Optimization strategies for designing the steering feel

In this section, two approaches on the design of steering feel are discussed: the static optimization and the online optimization. The static optimization yields the optimum values of parameters of the hysteresis-based model for the given criteria. The online optimization produces the optimum values of parameters, which are redefined as the time-dependent functions of vehicle dynamics and some measures, during the steering of a vehicle. The reason behind studying the online optimization approach is to create an adaptive model-based optimization on the vehicle dynamics while minimizing the given performance criteria. The unique approach of this online model is to reevaluate the optimum steering feel value at every instant of driving.

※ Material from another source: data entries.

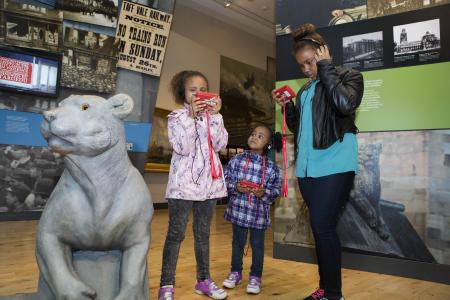 Learning games and educational activities at the museum 
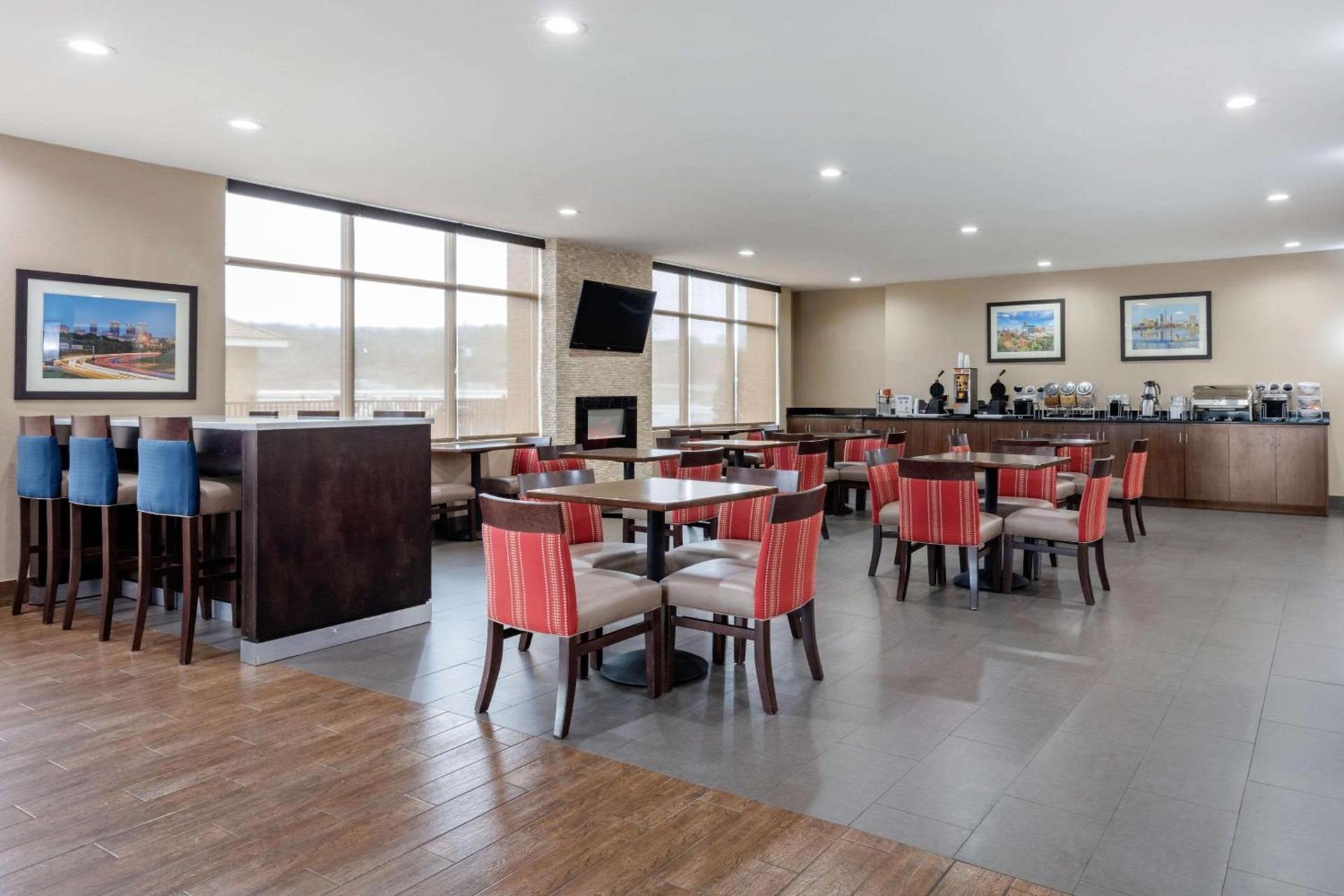Spark by Hilton Pelham Birmingham I 65 photo 28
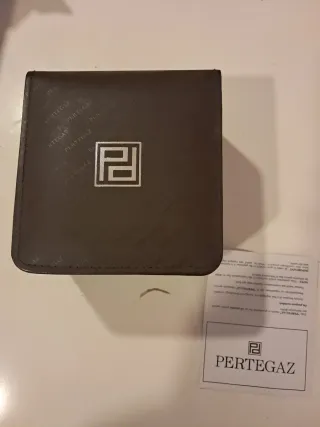 Reloj Pertegaz Negro y Plateado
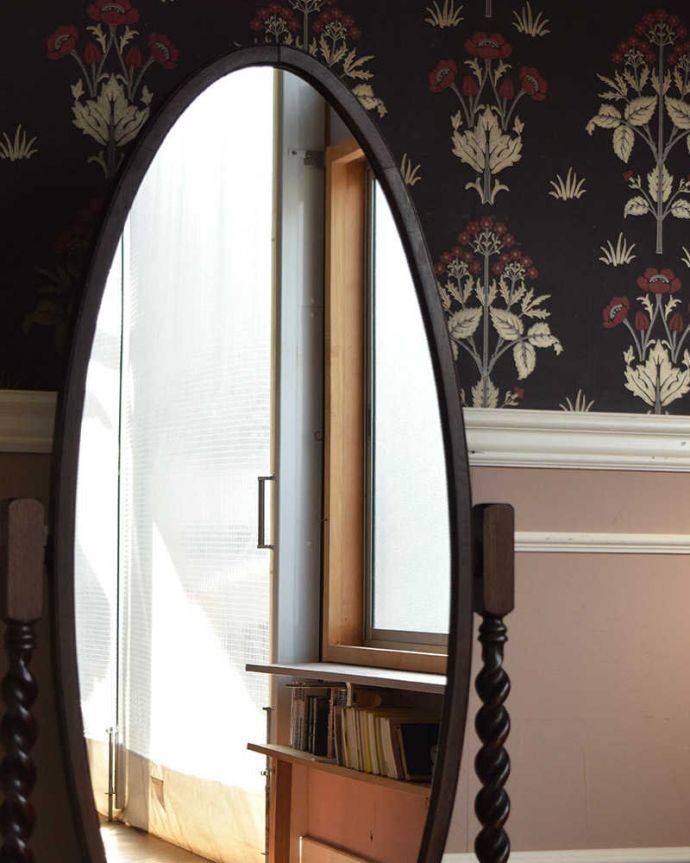 アンティーク ミラー(鏡) アンティーク雑貨 オーバル型が女性らしく美しいシュバルミラー、お部屋で実用的に使えるアンティーク家具(姿見)。コンディションのいい大きなアンティークの鏡厚みのあるアンティークのミラーは縁のカッティングも美しいんです。(j-2228-f)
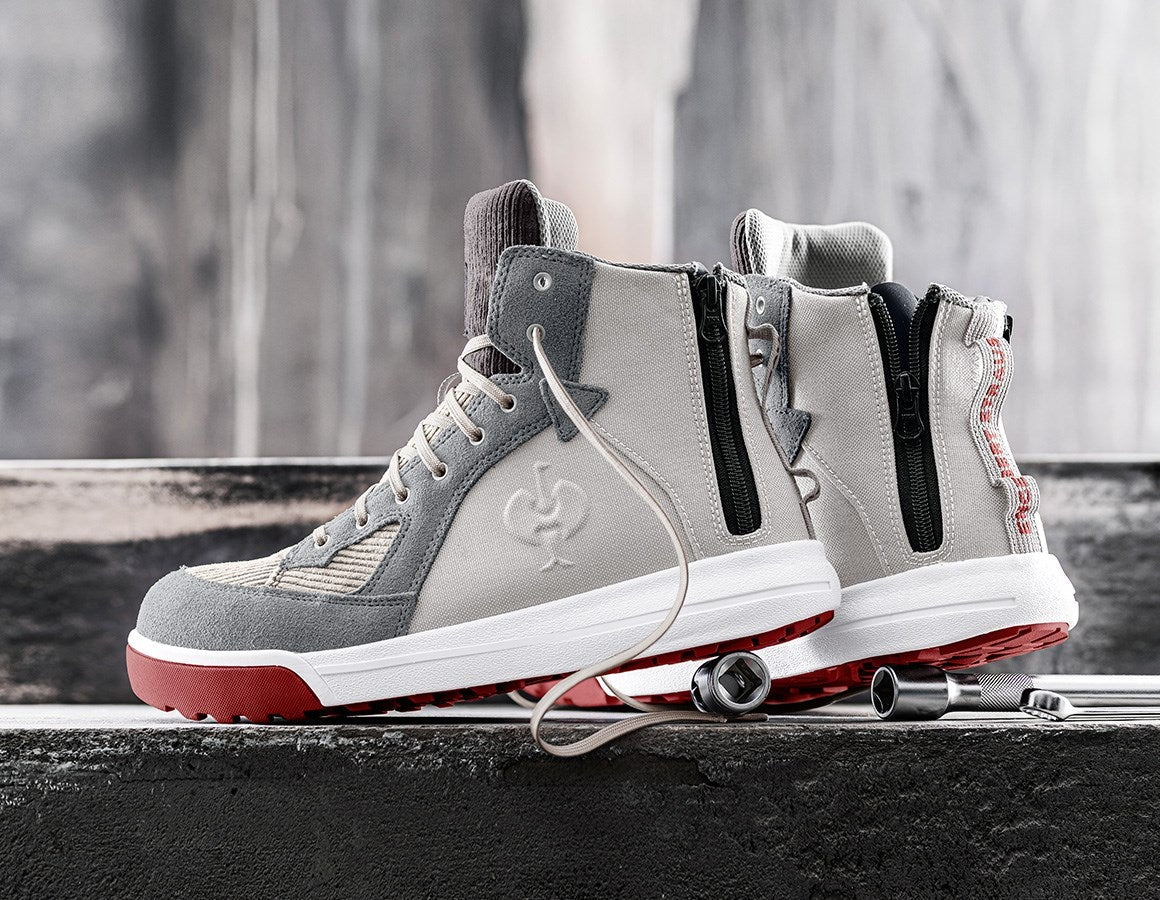 Main action image S1 Safety boots e.s. Janus II mid dovegrey/cement/velvetred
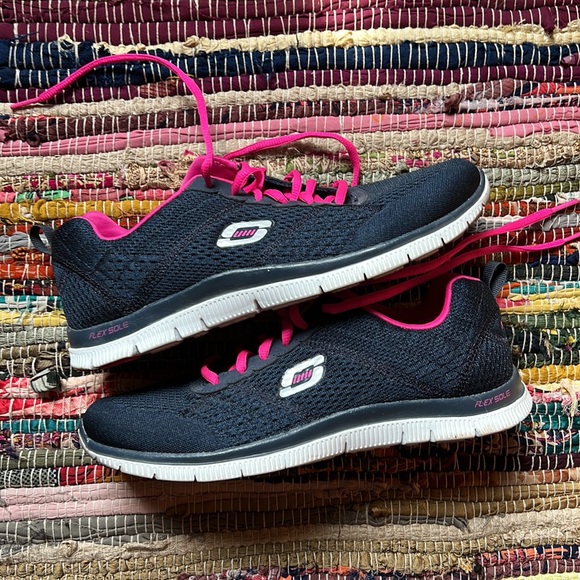 Blue and pink Sketchers - Picture 2 of 4
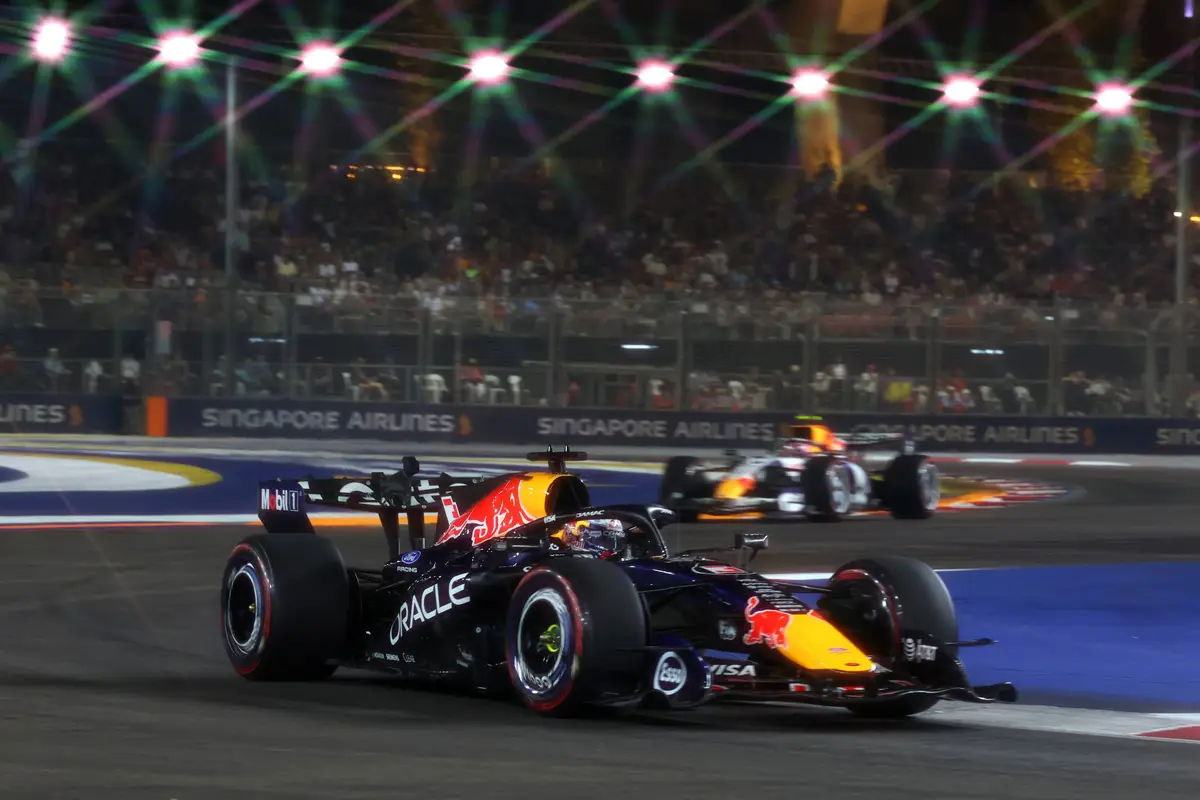 Max Verstappen in de Red Bull-auto in Singapore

As described in the previous section, the hysteresis-based model includes five constant coefficient parameters to form the hysteresis curve. These parameters have different effects on the form of the curve and, as a result, on the steering feel. Since the main objective is to design an optimized model for the steering feel, optimum values of these parameters are sought.

In order to find optimum values of the parameters of the hysteresis-based model, we defined the physical workload, the lateral acceleration, and the vehicle’s path following performance as the performance criteria. In evaluating the steering response of a vehicle, the lateral acceleration is a commonly used parameter. By selecting the physical workload as another performance criterion, it was possible to make a comparison between the models from the exerted energy of human driver’s point of view. Thus, we have shown that the driver using the system with hysteresis-based model has not exerted more force than that of the system with the SAT-based model. Also, the workload has been used as a measure to show how a driving task can be completed with less effort by selecting the parameters of the hysteresis-based model.

Physical workload

Although there are a few suggestions on the calculation of physical workload in the literature, there has been no general and widely accepted model so far. We suggest a formula based on the formula in Arslan²¹ and Kirli and Arslan²³ for the physical workload $J_{w}$ as

J_{w} = \int_{0}^{t_{f}} \sqrt{{(\overset{\cdot}{θ} (t) T_{sw} (t))}^{2}} dt

(6)

where $t_{f}$ is the final time of the driving session.

Lateral acceleration

Lateral acceleration is the acceleration along the Y-axis with respect to the body fixed coordinate system. The driving comfort is directly influenced by the lateral acceleration. We have assumed that the driving comfort improves as the lateral acceleration decreases since the lateral acceleration is a disturbance to the driver and passengers.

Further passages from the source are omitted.